*** Opening PROVIDED INFORMATION ***

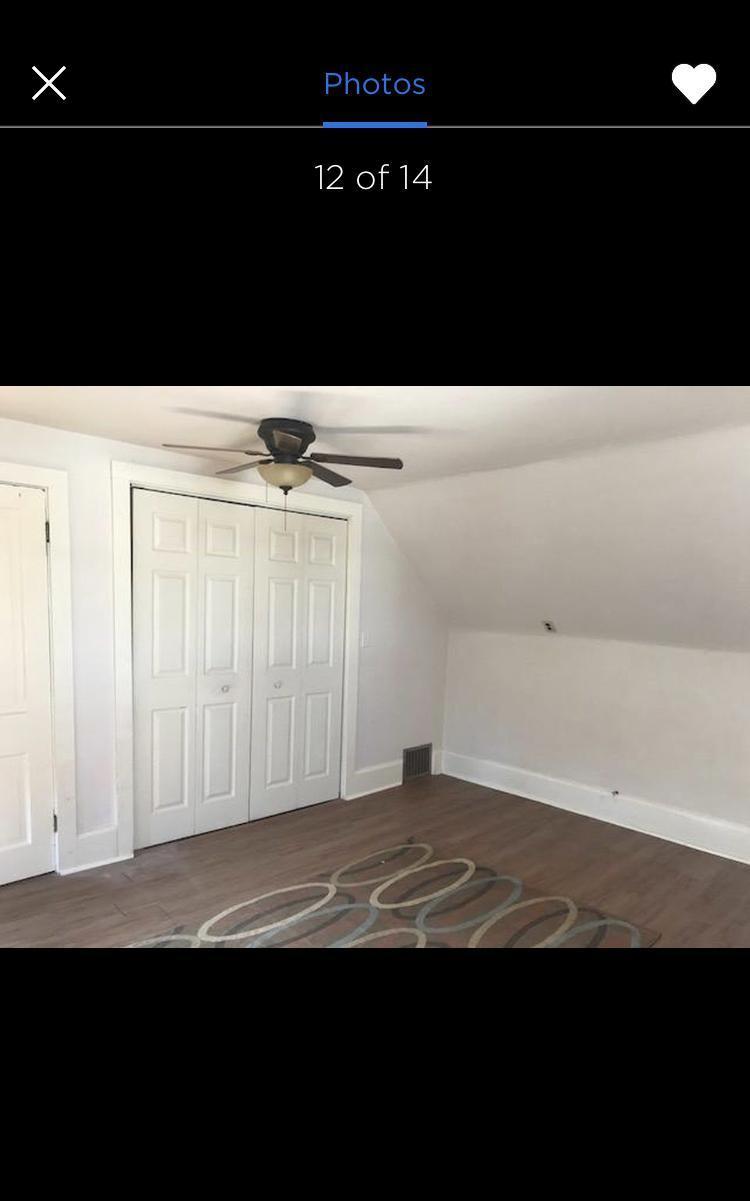 /static/images/house/10471/f3e87e5f840a7007c73fd704ee0a168e.jpg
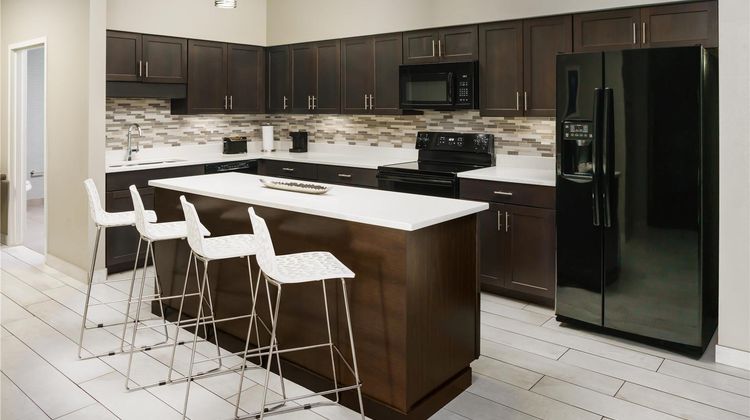 Homewood Suites by Hilton Myrtle Beach Other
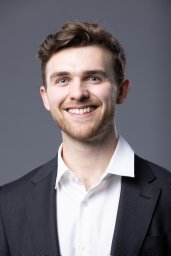 Jack Gallifant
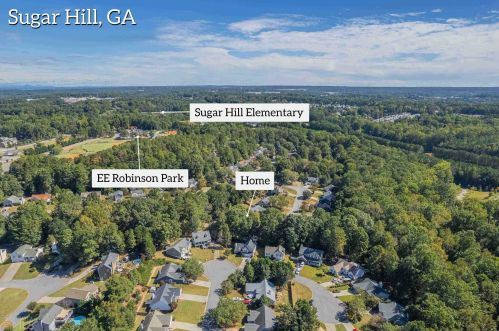 4678 Gold Dust Trl, Buford, GA 30518-6247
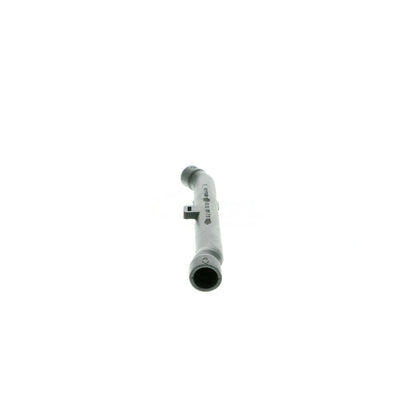 VAICO Hose, crankcase ventilation V30-1823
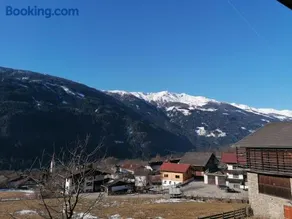 Ledererhof - Image 3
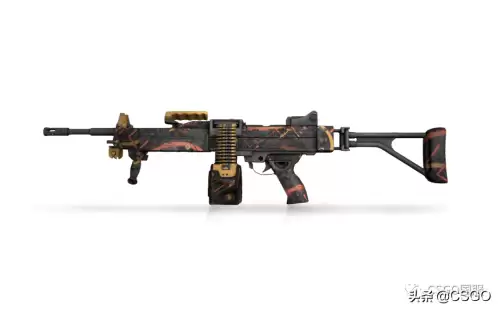 csgo大行动星星怎么得-csgo裂网大行动星星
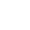 This icon represents the general menu of Quartzsite Senior Apartments.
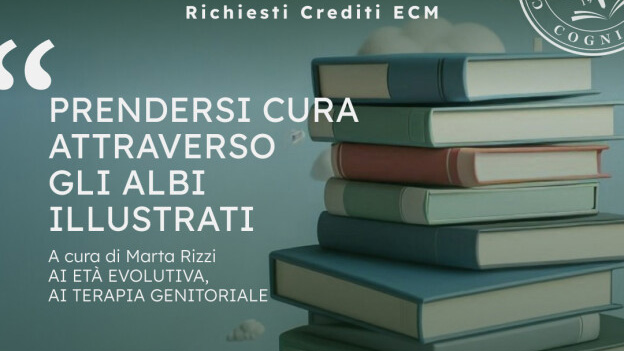 Albi-illustrati-624x779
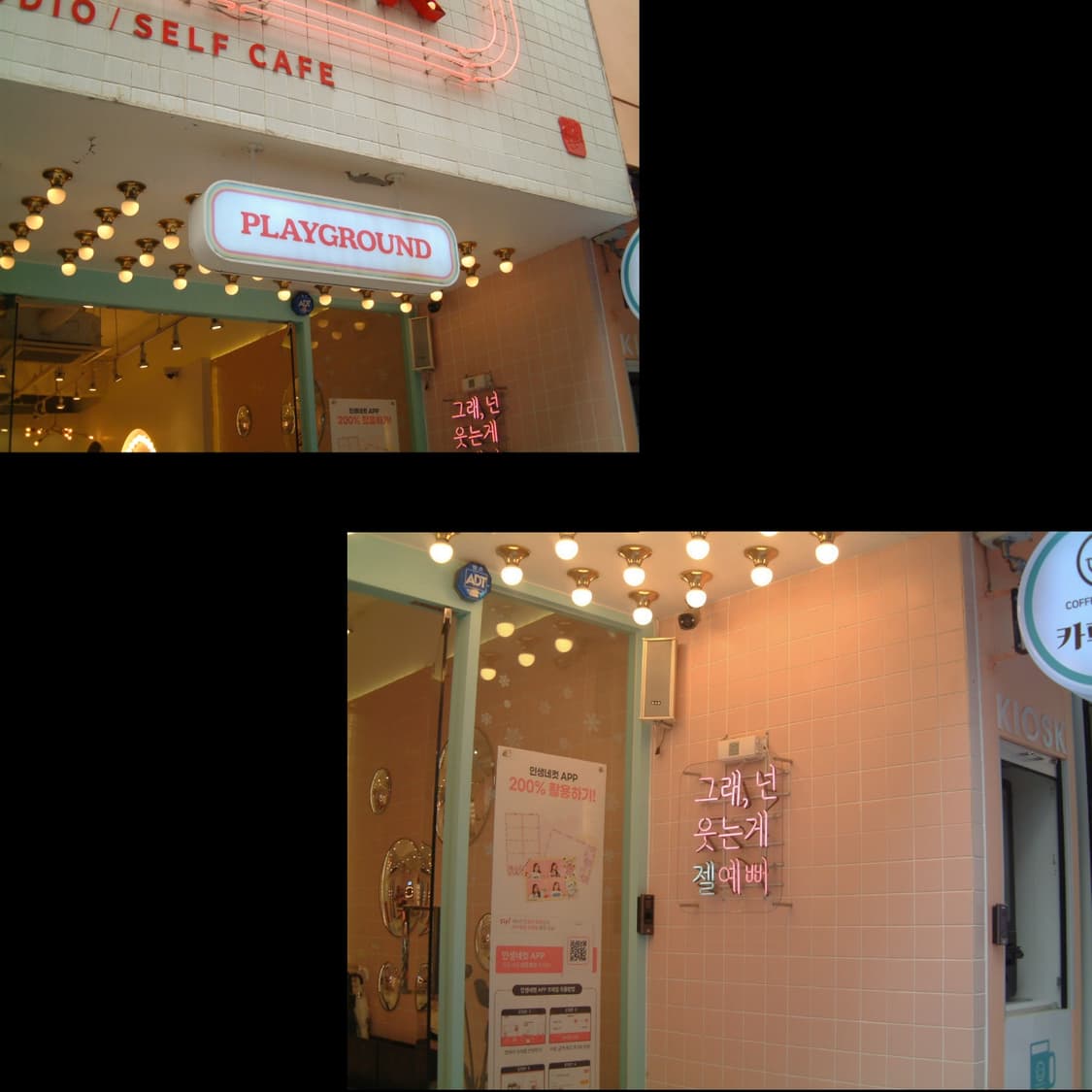 유니크한디카 후지 파인픽스 6800z 상품이미지4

*** Closing PROVIDED INFORMATION ***

### REQUIRED ACTION
Every entry must be reproduced exactly, with the images left out.

### SOLUTION FOR THIS PROBLEM
 /static/images/house/10471/f3e87e5f840a7007c73fd704ee0a168e.jpg
 Homewood Suites by Hilton Myrtle Beach Other
 Jack Gallifant
 4678 Gold Dust Trl, Buford, GA 30518-6247
 VAICO Hose, crankcase ventilation V30-1823
 Ledererhof - Image 3
 csgo大行动星星怎么得-csgo裂网大行动星星
 This icon represents the general menu of Quartzsite Senior Apartments.
 Albi-illustrati-624x779
 유니크한디카 후지 파인픽스 6800z 상품이미지4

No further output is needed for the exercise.